Ягодные места
От Селезнева-старшего сейчас пахло водкой, хлопнутой им с устатку после работы в вахтерском закутке Васюткина. Селезнев-старший, споткнувшись о гантели, разгреб рукой валявшиеся на тахте пластинки и, высвободив для себя кусочек жизненного пространства где-то между Элвисом Пресли и новинкой — первой долгоиграющей «Хвостатых», сел, опустив тяжелые веснушчатые руки так, что они почти касались ковра с перуанской ламой.

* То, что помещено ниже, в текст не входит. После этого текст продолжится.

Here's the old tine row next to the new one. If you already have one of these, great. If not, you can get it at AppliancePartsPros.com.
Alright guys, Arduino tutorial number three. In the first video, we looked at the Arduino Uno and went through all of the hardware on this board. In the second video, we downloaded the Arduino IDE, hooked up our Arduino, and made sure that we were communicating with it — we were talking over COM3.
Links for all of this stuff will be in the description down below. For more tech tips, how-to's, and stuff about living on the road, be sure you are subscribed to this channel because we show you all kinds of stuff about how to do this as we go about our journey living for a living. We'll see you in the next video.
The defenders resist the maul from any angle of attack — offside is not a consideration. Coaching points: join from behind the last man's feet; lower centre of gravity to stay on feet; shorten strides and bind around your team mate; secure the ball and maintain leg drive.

— Твоя мать заставила меня позвонить ректору в Москву, попросить за тебя. Я его знаю по фронту. Мы были в одном взводе — Васюткин, он и я… Я позвонил, хотя мне и было это противно. Я стал трусом. Я боюсь скандалов твоей матери…
— Я не ответствен за материнскую сыноустроительную дрожь… — ответил Селезнев-младший, закладывая биографию Черчилля паркеровской ручкой. — Меня примут и без твоей помощи. И без помощи гегемона на вахте.

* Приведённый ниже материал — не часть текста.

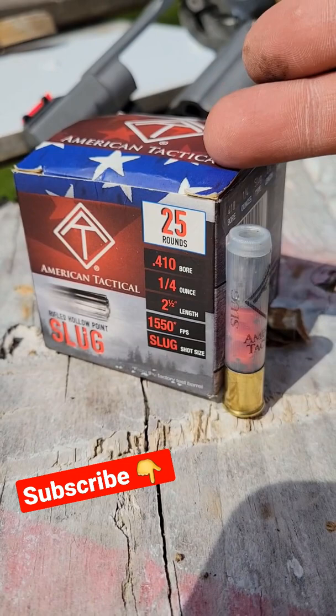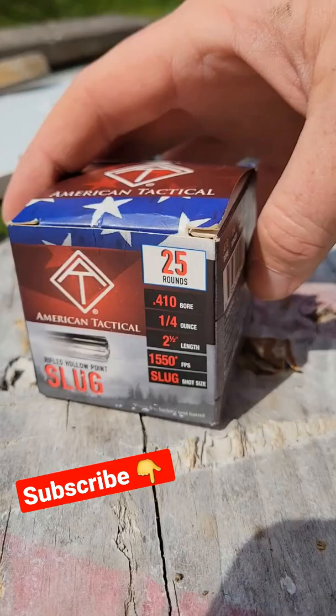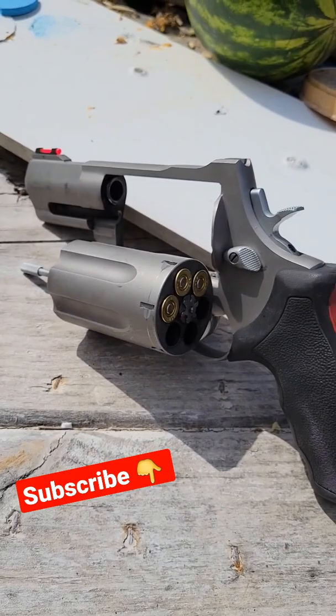Alright guys, a lot of people sleeping on the .410 for self-defense, but I really don't think you should. We got some rifled hollow point slugs out here today. These particular ones are a quarter ounce from ATI. Kind of hard to find a .410 these days, but I've got three of those babies loaded up in my Taurus Raging Judge Magnum.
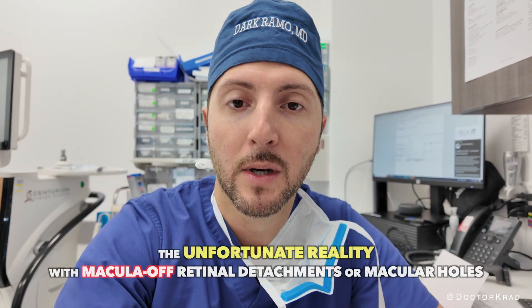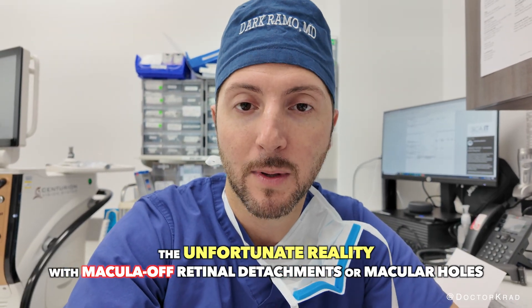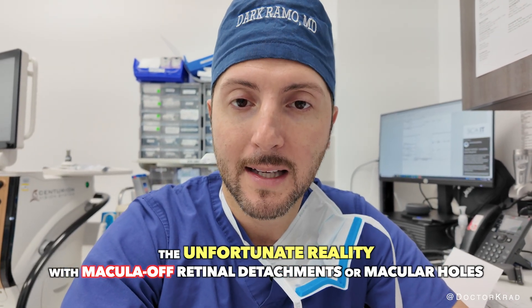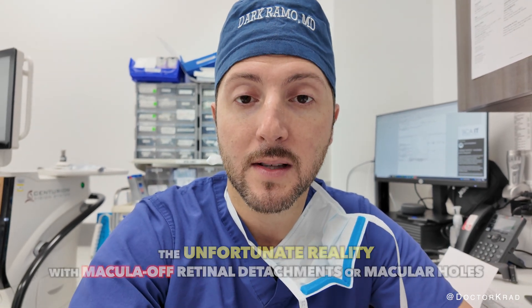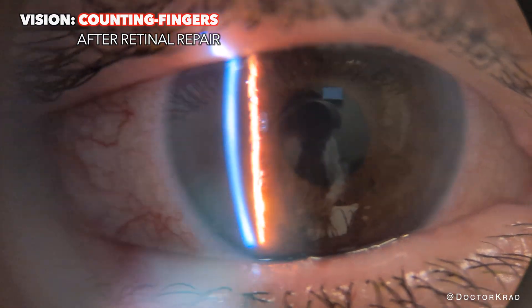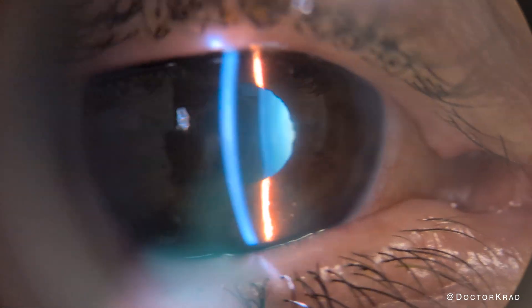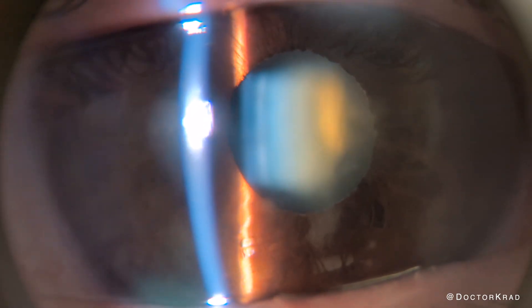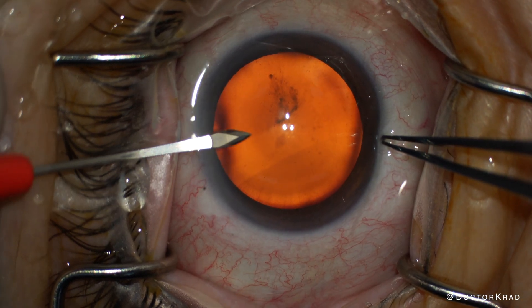It's very important that anytime you do surgery on a patient that had a MAC-OFF retinal detachment, you have to make sure that they have realistic expectations. Even with the best lens, they may notice some distortion in their vision. Here's the patient's cataract — there's dense nuclear sclerosis and a mostly non-reactive pupil. There's also some corneal punctate keratopathy and sub-epithelial opacification.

— Да, тебя, наверное, примут, — изучающе глядел на сына Селезнев-старший. — Золотая медаль… Прекрасная характеристика. По части отца тоже все в порядке. Активный общественник. Говорят, ты делаешь блестящие доклады о международном положении, разоблачающие капитализм… Оксфордское произношение… Ты умеешь понравиться кому надо когда надо. А вот мне ты не сумел понравиться. Мне, твоему отцу…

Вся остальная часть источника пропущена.